Uniform Lesson for July 24, 2022
Scripture passage and lesson focus: John 11:17-27, 38-44
Two lessons ago, we read the story of a little boy whom Jesus healed before death could capture him. This week, we read the story of a man named Lazarus, a close friend of Jesus, who was also battling an illness. In this story, however, Jesus not only delays his response (v. 6), but refuses to heal at a distance. No, this is a story of proximity, close proximity — to suffering, to death, to the stench of the corpse of a dear friend. How does the Word respond to the death of a loved one? Here, the Word once more calls, first to his friend: “Lazarus, come out!” (v. 43). Then, the Word gives an order to the witnesses: “Unbind him, and let him go!” (v. 44).
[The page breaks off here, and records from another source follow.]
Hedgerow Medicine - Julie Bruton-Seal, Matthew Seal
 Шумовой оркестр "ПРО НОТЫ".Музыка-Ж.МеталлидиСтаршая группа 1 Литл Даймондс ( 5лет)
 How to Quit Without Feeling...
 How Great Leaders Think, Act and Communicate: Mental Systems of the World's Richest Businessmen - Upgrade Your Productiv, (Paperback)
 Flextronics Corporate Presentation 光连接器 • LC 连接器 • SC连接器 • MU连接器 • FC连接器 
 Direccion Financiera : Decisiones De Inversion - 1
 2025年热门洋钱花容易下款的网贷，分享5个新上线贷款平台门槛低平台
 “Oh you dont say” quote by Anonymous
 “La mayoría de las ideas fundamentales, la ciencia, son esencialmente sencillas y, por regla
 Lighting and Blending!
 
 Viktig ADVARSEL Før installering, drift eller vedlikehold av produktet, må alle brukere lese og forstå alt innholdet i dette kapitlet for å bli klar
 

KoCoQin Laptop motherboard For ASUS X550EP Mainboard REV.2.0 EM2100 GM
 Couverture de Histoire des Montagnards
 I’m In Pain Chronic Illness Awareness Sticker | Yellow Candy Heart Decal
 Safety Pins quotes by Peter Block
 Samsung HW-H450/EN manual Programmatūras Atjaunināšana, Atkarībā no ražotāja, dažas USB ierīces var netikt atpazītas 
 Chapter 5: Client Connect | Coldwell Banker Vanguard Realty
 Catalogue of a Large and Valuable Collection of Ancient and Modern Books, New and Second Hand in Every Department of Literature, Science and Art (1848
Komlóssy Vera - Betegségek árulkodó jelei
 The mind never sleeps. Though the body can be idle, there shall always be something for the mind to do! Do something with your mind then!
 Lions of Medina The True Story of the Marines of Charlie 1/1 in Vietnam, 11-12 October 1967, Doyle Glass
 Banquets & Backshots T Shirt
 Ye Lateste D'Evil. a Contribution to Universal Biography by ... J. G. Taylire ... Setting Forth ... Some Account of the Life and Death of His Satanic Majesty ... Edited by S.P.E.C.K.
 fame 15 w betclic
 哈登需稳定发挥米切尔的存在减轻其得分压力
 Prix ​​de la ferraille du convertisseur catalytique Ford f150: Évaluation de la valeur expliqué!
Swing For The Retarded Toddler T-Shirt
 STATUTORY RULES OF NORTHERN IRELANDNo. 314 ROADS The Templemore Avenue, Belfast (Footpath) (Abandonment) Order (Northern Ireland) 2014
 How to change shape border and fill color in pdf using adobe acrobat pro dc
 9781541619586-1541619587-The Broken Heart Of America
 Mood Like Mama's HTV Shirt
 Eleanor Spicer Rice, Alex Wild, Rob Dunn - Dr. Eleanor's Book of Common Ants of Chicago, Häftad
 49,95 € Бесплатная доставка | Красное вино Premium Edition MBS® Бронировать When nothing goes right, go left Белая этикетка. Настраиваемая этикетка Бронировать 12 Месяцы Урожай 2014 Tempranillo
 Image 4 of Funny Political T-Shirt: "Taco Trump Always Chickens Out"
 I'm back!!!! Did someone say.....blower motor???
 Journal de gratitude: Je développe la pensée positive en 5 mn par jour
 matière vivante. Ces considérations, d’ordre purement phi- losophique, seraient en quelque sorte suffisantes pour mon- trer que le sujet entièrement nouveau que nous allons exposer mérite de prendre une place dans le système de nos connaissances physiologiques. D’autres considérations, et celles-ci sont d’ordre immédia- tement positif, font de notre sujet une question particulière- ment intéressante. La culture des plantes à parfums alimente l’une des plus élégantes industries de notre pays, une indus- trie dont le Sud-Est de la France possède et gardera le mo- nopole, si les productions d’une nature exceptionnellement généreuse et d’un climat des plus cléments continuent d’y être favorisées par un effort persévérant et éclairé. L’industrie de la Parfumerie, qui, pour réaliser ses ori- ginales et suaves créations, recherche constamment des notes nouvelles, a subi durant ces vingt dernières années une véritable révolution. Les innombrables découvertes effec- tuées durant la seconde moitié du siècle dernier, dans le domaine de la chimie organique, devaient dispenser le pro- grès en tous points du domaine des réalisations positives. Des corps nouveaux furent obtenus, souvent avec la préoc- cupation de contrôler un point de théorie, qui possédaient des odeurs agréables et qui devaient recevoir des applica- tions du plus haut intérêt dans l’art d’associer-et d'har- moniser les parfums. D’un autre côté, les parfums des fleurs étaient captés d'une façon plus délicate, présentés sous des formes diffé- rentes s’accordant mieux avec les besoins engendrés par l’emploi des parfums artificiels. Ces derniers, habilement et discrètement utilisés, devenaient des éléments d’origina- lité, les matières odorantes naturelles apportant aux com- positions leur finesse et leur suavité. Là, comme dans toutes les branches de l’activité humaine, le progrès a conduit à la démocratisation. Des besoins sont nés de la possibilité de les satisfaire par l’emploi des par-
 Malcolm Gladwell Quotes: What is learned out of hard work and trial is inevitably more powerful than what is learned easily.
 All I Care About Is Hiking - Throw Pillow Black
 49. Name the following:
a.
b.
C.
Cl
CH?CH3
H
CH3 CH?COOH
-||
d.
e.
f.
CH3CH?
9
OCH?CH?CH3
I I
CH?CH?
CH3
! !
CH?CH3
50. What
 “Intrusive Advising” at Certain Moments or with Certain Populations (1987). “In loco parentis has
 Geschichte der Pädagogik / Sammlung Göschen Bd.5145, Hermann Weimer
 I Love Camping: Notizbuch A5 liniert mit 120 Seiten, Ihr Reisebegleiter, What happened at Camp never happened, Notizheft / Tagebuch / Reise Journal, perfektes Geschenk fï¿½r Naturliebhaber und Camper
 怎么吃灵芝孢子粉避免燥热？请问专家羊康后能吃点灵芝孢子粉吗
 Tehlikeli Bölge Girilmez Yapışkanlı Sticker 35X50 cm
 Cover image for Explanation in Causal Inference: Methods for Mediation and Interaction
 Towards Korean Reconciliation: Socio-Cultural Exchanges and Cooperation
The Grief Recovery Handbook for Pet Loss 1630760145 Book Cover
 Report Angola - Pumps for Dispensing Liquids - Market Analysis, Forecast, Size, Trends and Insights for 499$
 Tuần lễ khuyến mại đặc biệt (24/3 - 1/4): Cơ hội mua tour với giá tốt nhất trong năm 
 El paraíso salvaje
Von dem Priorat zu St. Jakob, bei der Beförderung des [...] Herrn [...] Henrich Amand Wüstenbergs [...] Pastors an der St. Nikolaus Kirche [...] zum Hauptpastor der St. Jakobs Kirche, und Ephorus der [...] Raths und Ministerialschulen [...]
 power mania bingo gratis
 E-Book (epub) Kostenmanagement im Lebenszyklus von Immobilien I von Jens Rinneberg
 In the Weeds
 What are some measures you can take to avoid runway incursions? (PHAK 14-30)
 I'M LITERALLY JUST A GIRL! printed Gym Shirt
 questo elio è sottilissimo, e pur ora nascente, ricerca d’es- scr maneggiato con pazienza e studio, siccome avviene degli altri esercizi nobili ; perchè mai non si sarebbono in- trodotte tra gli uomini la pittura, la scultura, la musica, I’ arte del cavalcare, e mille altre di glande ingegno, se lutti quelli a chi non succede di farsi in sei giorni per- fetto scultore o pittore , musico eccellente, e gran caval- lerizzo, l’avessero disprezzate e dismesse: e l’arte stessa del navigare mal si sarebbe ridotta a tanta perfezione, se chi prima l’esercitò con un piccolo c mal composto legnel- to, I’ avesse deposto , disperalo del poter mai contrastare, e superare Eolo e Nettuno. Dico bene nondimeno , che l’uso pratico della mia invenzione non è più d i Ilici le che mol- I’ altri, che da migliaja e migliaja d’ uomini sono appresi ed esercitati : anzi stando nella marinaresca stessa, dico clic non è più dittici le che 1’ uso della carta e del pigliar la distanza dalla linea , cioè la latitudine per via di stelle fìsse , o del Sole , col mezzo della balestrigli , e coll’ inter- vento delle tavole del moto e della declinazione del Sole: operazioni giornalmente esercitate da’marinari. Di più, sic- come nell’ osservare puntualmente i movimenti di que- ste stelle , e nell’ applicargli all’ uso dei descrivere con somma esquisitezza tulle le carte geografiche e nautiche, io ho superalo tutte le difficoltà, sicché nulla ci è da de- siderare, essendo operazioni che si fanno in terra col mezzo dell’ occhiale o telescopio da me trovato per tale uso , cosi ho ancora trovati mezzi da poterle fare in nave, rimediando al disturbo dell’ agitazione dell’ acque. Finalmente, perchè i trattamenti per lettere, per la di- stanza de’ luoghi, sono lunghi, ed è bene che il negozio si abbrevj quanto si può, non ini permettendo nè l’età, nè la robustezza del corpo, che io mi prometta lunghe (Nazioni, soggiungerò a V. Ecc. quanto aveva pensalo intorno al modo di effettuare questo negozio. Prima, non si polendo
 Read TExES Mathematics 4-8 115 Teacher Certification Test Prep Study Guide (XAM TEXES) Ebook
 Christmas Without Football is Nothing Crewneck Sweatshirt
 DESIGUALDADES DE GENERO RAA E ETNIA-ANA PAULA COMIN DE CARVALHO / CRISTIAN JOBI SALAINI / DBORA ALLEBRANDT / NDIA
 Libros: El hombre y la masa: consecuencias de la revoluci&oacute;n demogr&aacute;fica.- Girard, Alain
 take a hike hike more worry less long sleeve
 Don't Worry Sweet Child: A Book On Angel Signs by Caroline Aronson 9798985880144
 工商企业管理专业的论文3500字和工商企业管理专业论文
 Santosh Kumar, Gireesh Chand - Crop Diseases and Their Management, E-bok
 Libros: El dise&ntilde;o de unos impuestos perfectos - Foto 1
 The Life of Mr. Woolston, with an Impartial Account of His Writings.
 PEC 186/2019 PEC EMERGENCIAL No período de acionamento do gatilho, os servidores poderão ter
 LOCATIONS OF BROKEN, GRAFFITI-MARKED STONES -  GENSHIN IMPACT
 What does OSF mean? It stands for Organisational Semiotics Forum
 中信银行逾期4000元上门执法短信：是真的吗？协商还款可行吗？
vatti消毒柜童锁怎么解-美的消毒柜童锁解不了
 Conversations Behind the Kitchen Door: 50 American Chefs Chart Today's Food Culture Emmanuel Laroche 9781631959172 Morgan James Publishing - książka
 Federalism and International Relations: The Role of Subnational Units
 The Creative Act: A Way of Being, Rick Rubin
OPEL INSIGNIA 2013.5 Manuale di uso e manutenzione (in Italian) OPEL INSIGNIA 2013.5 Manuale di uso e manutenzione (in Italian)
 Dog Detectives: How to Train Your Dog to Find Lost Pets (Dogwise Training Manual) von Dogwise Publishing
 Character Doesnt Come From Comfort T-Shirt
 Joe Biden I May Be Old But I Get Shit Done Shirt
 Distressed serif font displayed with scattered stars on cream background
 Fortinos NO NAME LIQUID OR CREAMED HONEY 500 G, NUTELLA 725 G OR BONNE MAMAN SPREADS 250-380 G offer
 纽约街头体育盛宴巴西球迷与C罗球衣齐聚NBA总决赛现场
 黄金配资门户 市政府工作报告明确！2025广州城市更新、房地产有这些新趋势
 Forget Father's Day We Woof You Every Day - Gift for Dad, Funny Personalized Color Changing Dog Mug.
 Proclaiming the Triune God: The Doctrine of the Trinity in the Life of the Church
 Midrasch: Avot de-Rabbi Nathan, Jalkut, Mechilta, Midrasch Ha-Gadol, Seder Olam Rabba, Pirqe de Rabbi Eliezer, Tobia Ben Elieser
Surely, part of the challenge of this week’s lesson is to decide which of these commands is the most unbelievable and miraculous.
Healing over time
Two lessons ago, we noted that the Word can heal at a distance, but not over time. The storyteller makes it clear that the simultaneity of the speaking and the healing are a necessary part of the miracle (John 4:52-53). But in today’s story, there is ambiguity regarding both death and time. We do not know immediately if Lazarus is dead or sleeping, nor do we know when he will rise again (v. 23). Martha believes that Lazarus will rise again “in the resurrection on the last day” (v. 24) to which Jesus replies, “I
am the resurrection and the life”
(v. 25). Note the tenses here and hold on to the ambiguity. Every time I’ve taught this lesson, someone observes, “Well, Lazarus was raised from the dead only to die again. Right?” What do you say?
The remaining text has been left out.